Died on Thursday (25), aged 92, Beji Caid Essebsi, Tunisia’s first democratically elected president in the post-Arab Spring era. He was admitted to a Tunis hospital for medical conditions not yet specified.
In power since December 2014, Essebsi has been an important political actor in the North African state for several decades and has held various positions, including head of national security, interior minister, defense minister, and foreign minister.
Born in 1926, Essebsi took power in a troubled political landscape after Tunisia witnessed the popular revolution known as the Arab Spring. The popular revolts overthrew then-President Zine al-Abidine Ben Ali, who later fled to Saudi Arabia, avoiding a life sentence in absentia for ordering security forces to shoot unarmed protesters.
From French occupation to Arab spring
During the 1950s, when Tunisia was still under French colonial occupation, Essebsi, a young student in Paris, participated in the national struggle against the occupation of Tunisia alongside activists from the New Liberal Constitutional Party.
Following Tunisia’s independence in 1956, Essebsi held many important positions, including that of director of national security in 1963, during the tenure of President Habib Bourguiba.
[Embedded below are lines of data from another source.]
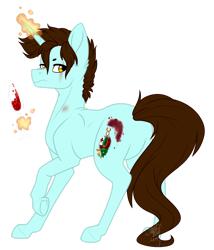 Size: 1280x1495 | Tagged: safe, artist:silentwolf-oficial, imported from derpibooru, oc, oc only, pony, unicorn, eye scar, glowing horn, horn, looking back, magic, raised hoof, scar, simple background, solo, telekinesis, transparent background, unicorn oc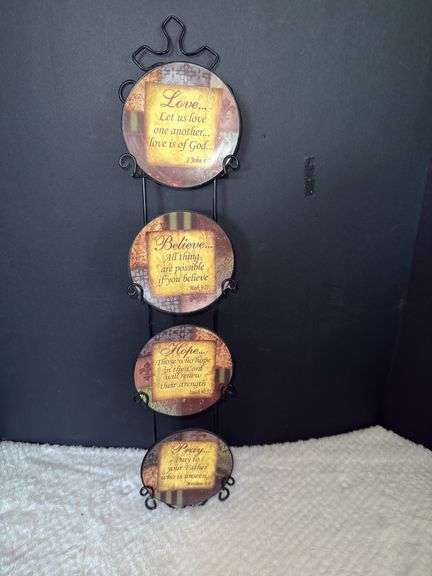 Minature plates and wall hanging plate holder
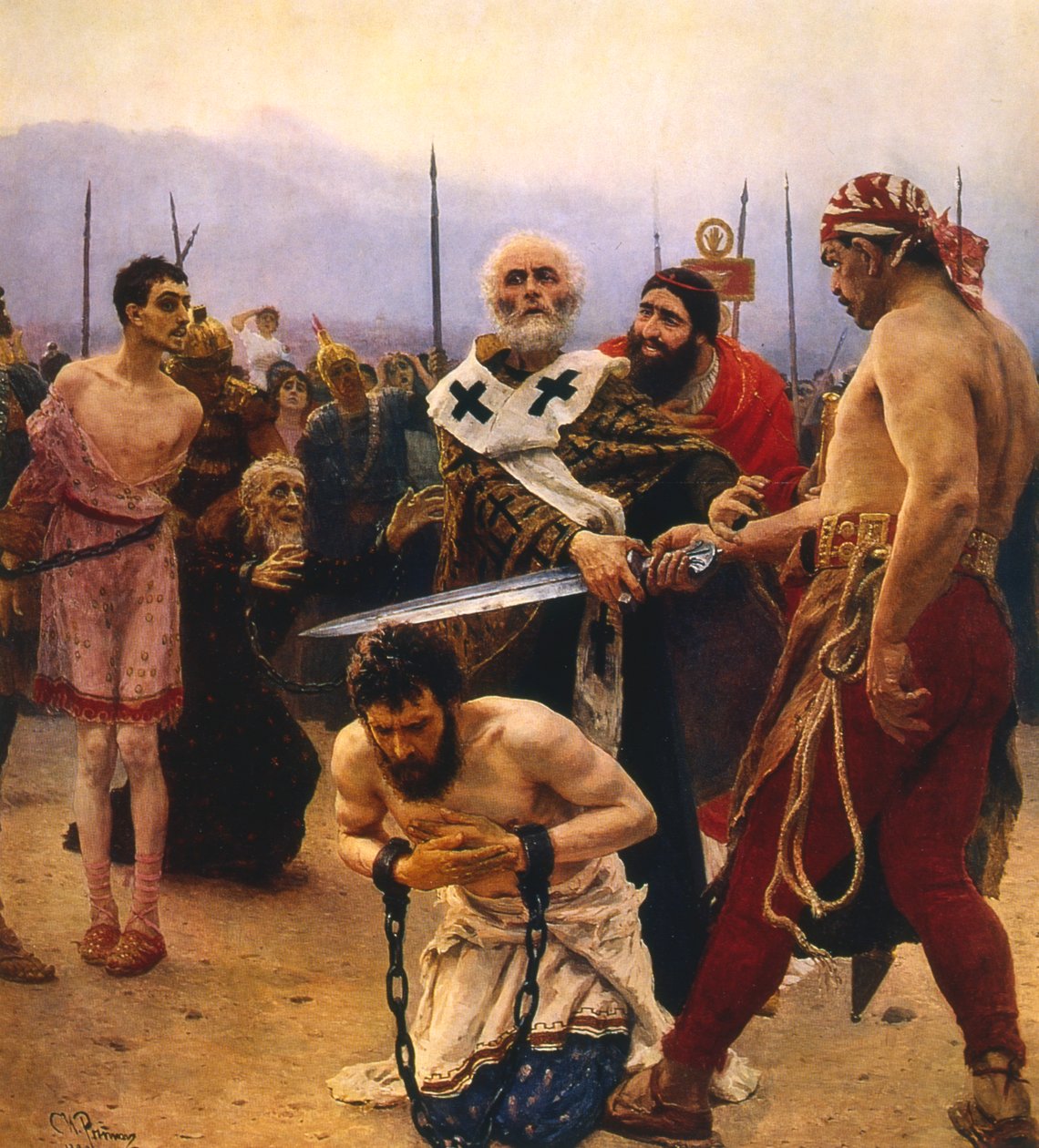 Szent Miklós három ártatlant megment a kivégzéstől, 1888 alkotó: Ilya Efimovich Repin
As head of security, Essebsi faced criticism from opponents for allegedly torturing detainees during interrogations.

Still under Bourguiba’s command in 1969, he became Minister of Defense. The following year he assumed the position of Tunisian ambassador in France. In 1981, Essebsi was appointed Tunisian Foreign Minister. Two years after the overthrow of President Bourguiba in 1989, Essebsi was elected member of parliament, where he remained until 1991.
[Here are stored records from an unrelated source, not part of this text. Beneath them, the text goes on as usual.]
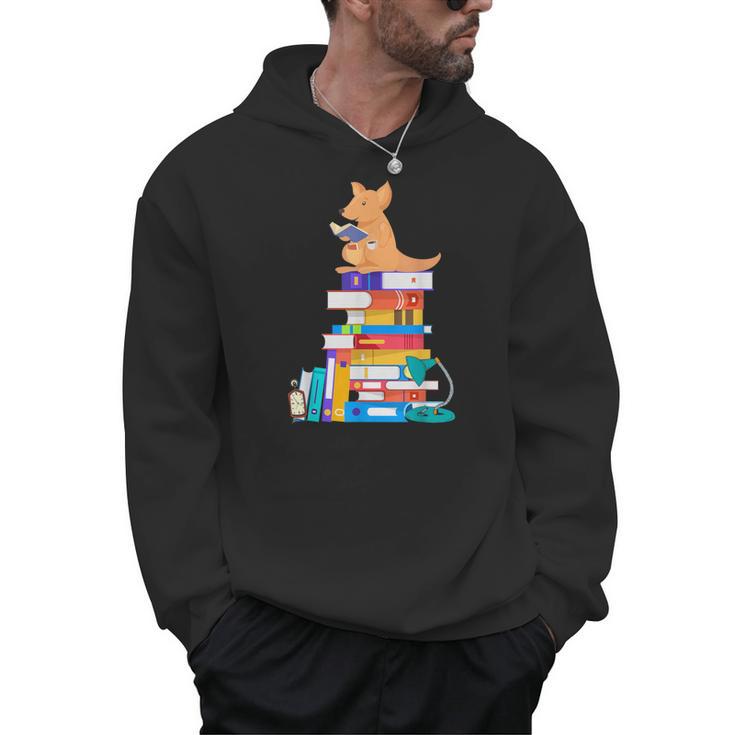 Book Reading Kangaroo Tea Coffee Kawaii Bookworm Men Hoodie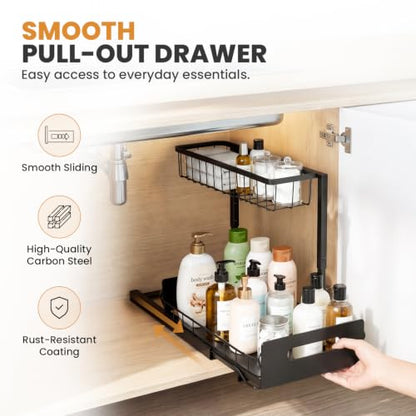 Under Sink Organizer 2 Pack - Adjustable Kitchen Cabinet Storage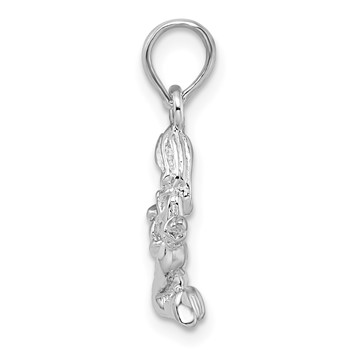 De-Ani Sterling Silver Rhodium-Plated Polished 3D Virgo Zodiac Pendant — alternate view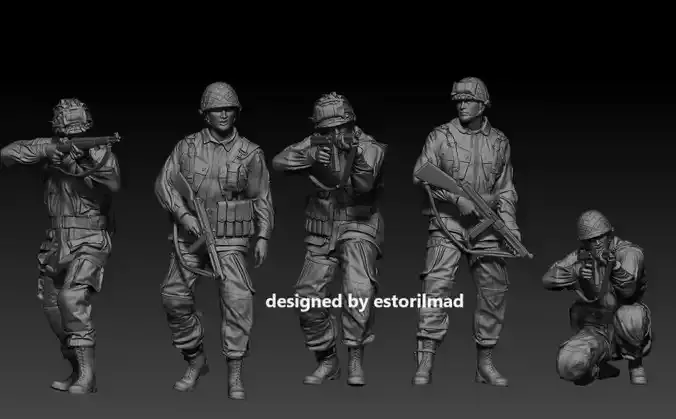  PACK 5 AMERICAN AIRBORNE PARATROOPER 3D print model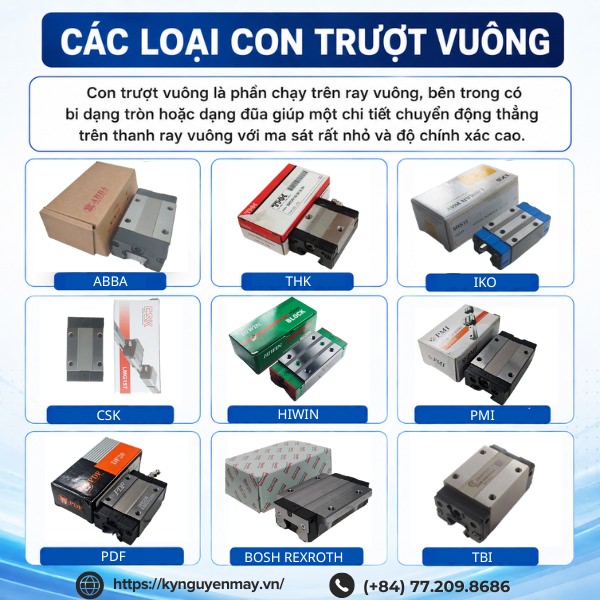 Các loại ổ trượt vuông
After a long absence from the political scene, Essebsi returned to politics as prime minister during the brief transitional government formed after Ben Ali was ousted in the 2011 revolution. But he later took office in a few months, when the Ennahda Movement took office. power in the country.
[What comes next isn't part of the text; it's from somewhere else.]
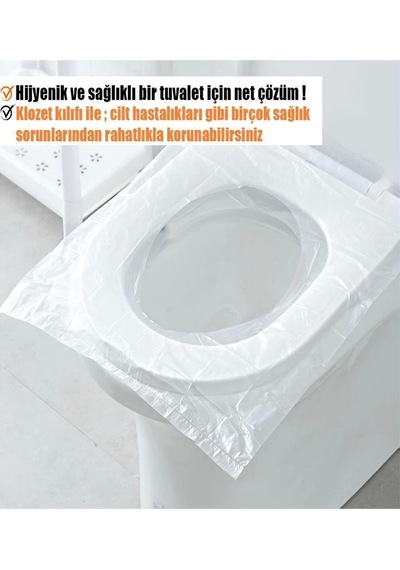 Şeffaf Klozet Kapağı Kılıfı 25 Adet Diğer
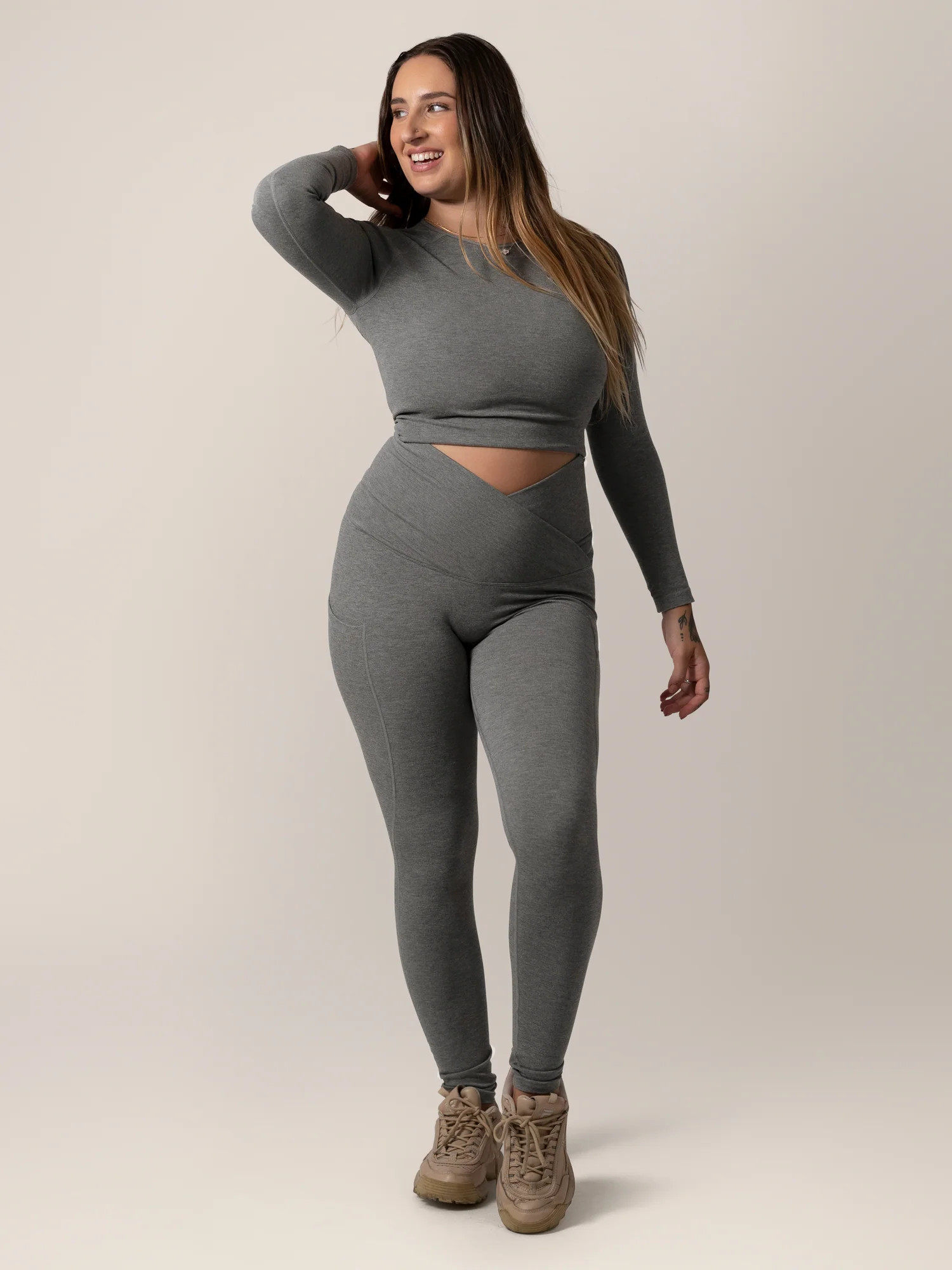 Sublime®️ Bamboo Maternity & Postpartum Crossover Legging | Charcoal - Kindred Bravely | Kindred Bravely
He then founded the Nidaa Tounes party, which later managed to win the country’s first parliamentary elections, leading to a permanent parliament in the post-Ben Ali era. In September 2014, Essebsi officially submitted his candidacy for the first presidential elections since the revolution. of 2011.

During Essebsi’s presidency, he took controversial positions on a number of sensitive social issues, including a family inheritance policy at odds with Islamic law, as well as legalizing marriages between Tunisian Muslim women and non-Muslim men, contrary to Islamic religious jurisprudence.